Toral says there's more to the story of her son, who she said had recently been working and living with relatives.
"I don't consider him homeless. I consider him a person struggling with drug addiction," Toral said.
She says her son's addiction began in his teens, when he was an avid skateboarder, so accomplished he got sponsorships.
"David was passionate about skateboarding, David had goals, David was an intelligent kid with a heart of gold," Toral said.
But he had at least four skateboarding accidents where he broke bones, she says, and each time was prescribed opioid painkillers.
"Doctors prescribed the pills... and he got addicted to them," Toral told NBC4.
She said his opioid addiction eventually lead to other drugs, including marijuana, heroin, and fentanyl.
She says David had a career in the entertainment business, attended family holiday gatherings like Christmas, and was living with his aunt in San Fernando, but continued to use drugs.
"It appeared that whenever he'd go on his 'addiction trips,' he wouldn't want to be around family, so he'd disappear," Toral said.
And that appears to have happened around Jan. 25, when he was spotted on a surveillance camera -- apparently high --on the sidewalk outside a friend's apartment on Burbank Blvd. near Noble Avenue in Sherman Oaks.
Around 11 a.m., apartment resident Heidi Kaufman told NBC4 she left the back entrance of her building to go for a walk, and saw something in the middle of the alley.
"I saw a big pile of blankets. I had no idea it was a person," Kaufman said.
But 20 minutes later, two other neighbors were pulling out of their garage in the alley, and told NBC4 they saw David sitting on the ground.
"I could clearly see that it was a person," said Nora, who asked the I-Team not to use her full name. "I would think that anybody who would drive into the alley would see him," Nora added.
But an LA Sanitation truck backing into the alley to empty trash apparently didn't see David sitting on the ground and ran over him, even though the truck had five cameras on it -- including one in the front and one in the back, according to the Sanitation Department.
"I told the LAPD exactly what I saw," Nora told the I-Team, but says officers on the scene didn't take a statement from her.
The LAPD told NBC4 in an email, that it did interview two witnesses and the driver of the truck, who "provided a chemical sample...was not impaired...[and] there are no criminal charges anticipated."

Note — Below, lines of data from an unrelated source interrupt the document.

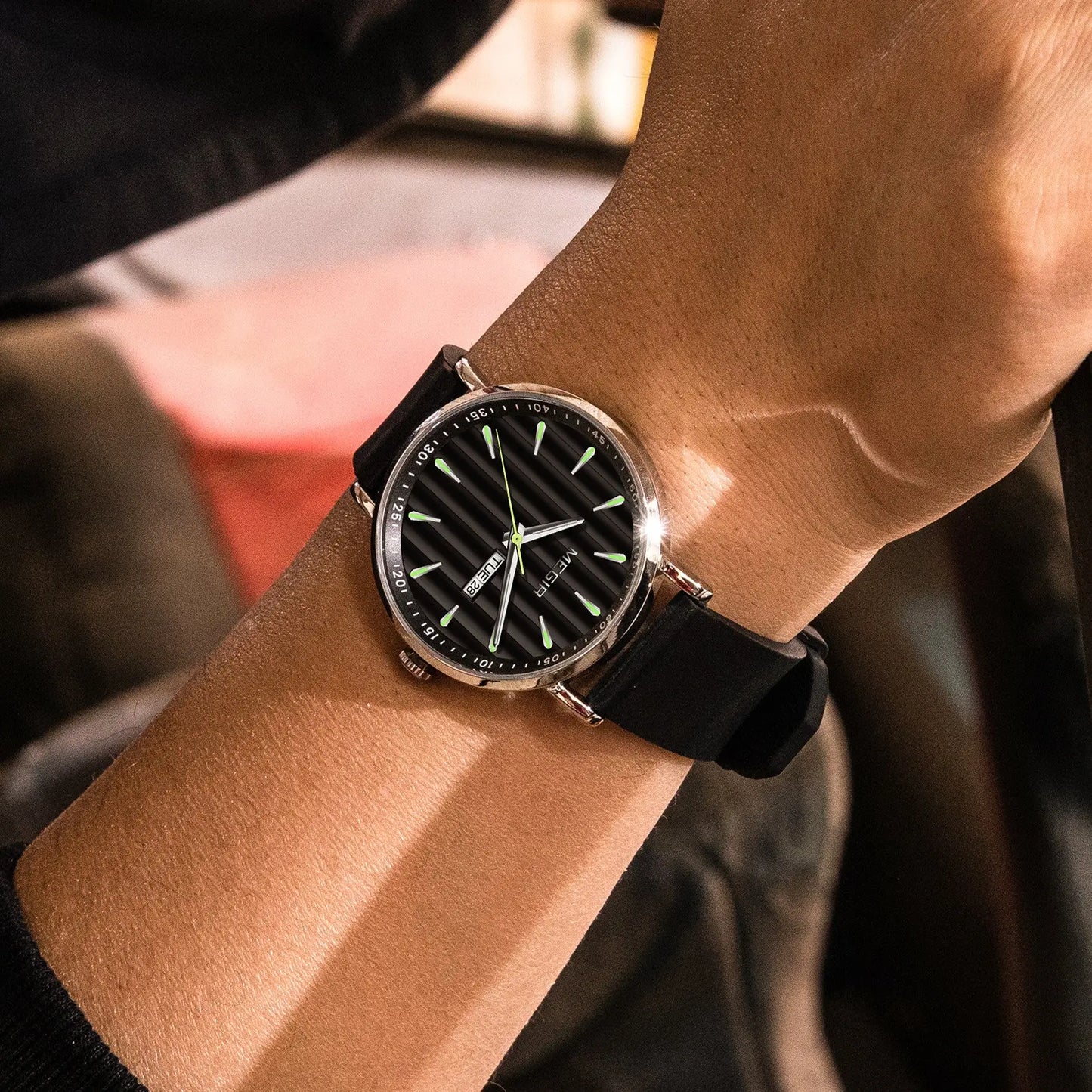 Mens big face luxury simplistic watch - Velano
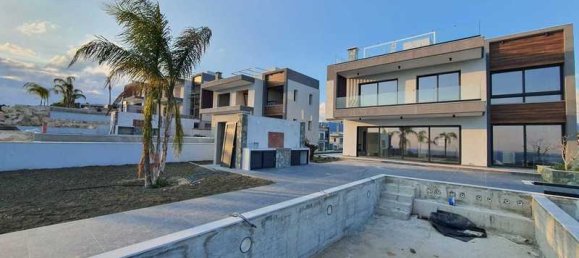 4 bedrooms House in Parekklisia, Cyprus No. 7455 2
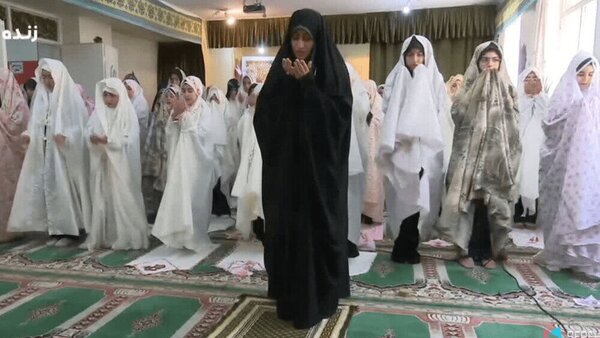 شرط مهم برای امام جماعت زن که کمتر میدانیم شرط مهم برای امام جماعت زن که کمتر میدانیم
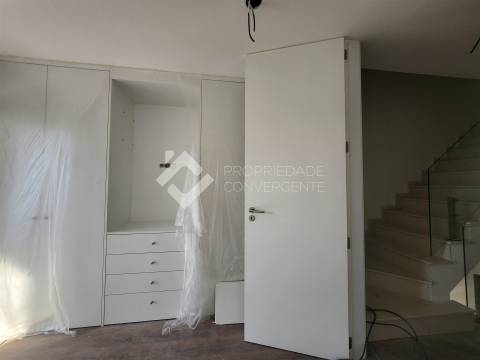 Moradia Geminada T4+1 Venda em Fernão Ferro,Seixal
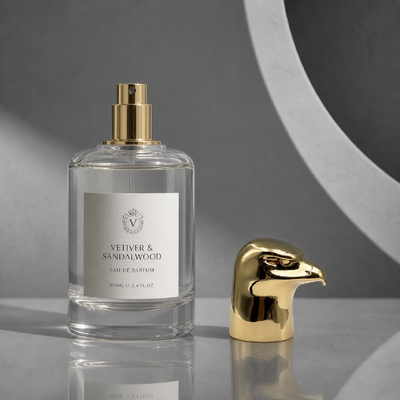 Acquistare Tappo di bottiglia di profumo con testa d'aquila integrata in oro lucido lucido all'ingrosso Pianura liscia con scultura di falco Chiusura in Zamac Logo con incisione personalizzata OEM Imballaggio di fragranze di lusso del Medio Oriente fabbricazione online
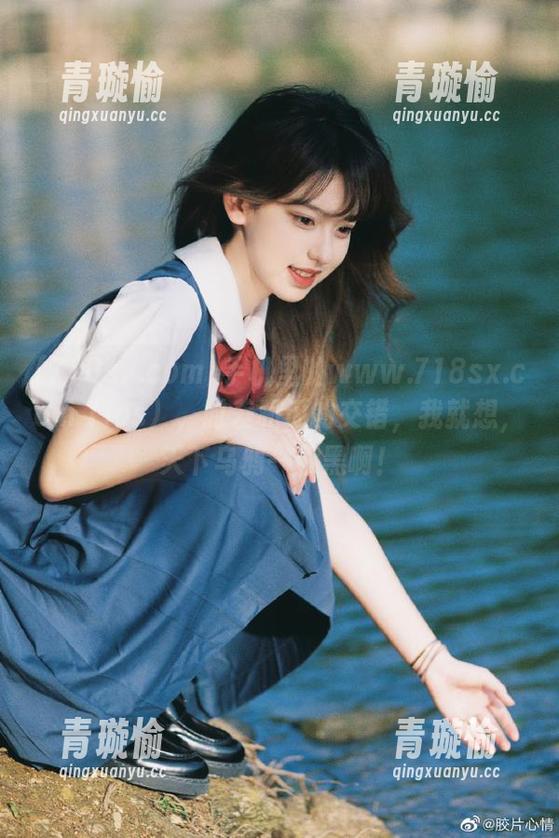 手机里的www.718sx.com（ios），时差和瓜的交错，我就想，天下乌鸦一般黑啊！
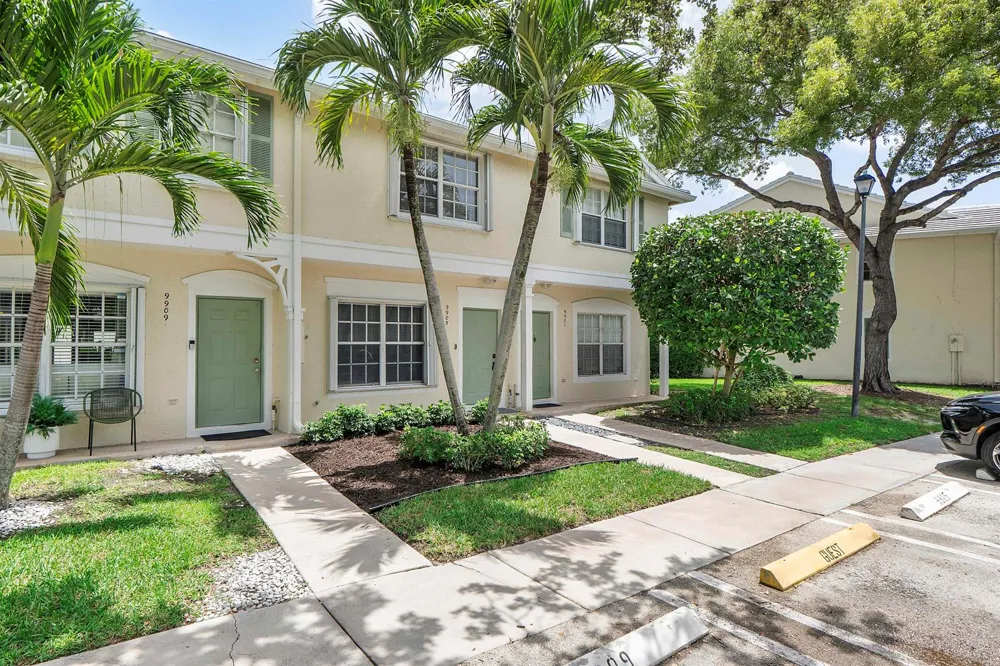 9905 NW 57th Manor Coral Springs, FL 33076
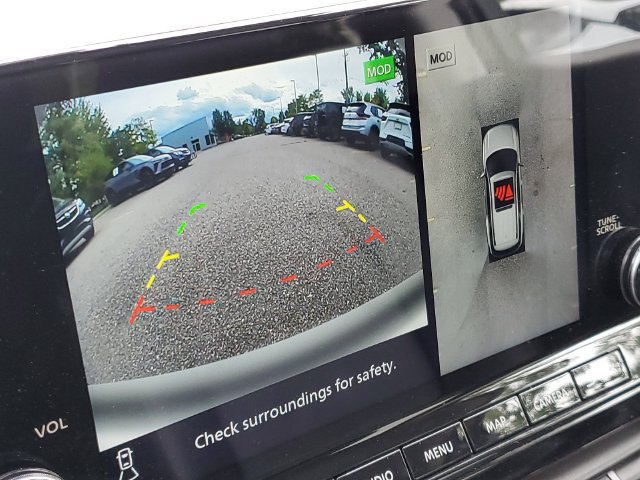 Used 2025 Nissan Pathfinder SL AWD/4WD image 17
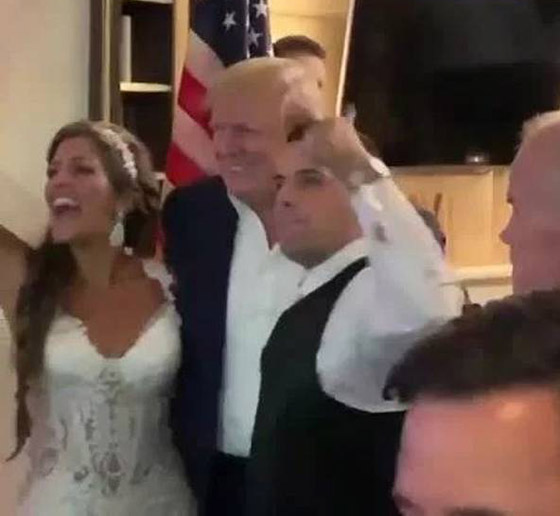 دونالد ترامب يفاجئ عروسين بحضور حفل زفافهما صورة رقم 11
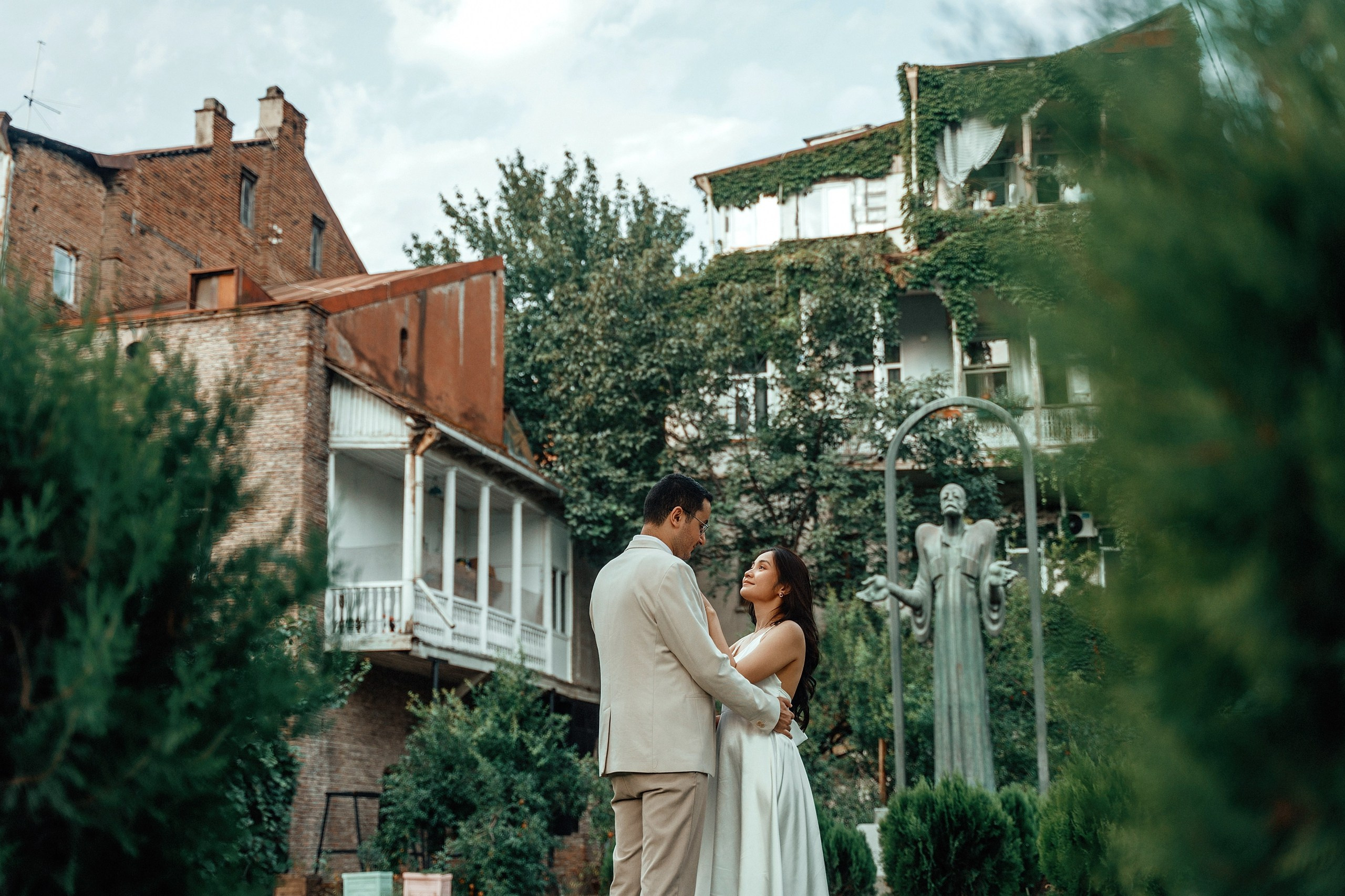 Alaeddine & Matika on the Peace Bridge in Tbilisi. Photographer Sergey Otkrytyi in Batumi & Tbilisi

The I-Team learned there have been at least five fatal accidents involving LA garbage trucks in the last decade, including one in December in San Pedro, where a trash truck hit and killed a pedestrian at Pacific Avenue and 13th Street.
And as the I-Team has previously reported, there have also been hit and runs involving LA trash trucks, such as one on LA's westside in 2021, where a Sanitation truck backed into a parked car, dented and scratched it, and drove off without reporting it. LA Sanitation says that driver is now in "the disciplinary process."
Toral now wants answers as to why that LA garbage truck hit and rolled over her son David in Sherman Oaks, in broad daylight.
"He was a human being, and no mother should have to bury their kids and nobody should have to go through the pain that I'm going through," Toral said.
The Sanitation Department says it can't comment on the status of the driver for privacy reasons, while the LAPD's investigation is ongoing.
Toral plans to file a wrongful death claim against the city of LA in the coming days.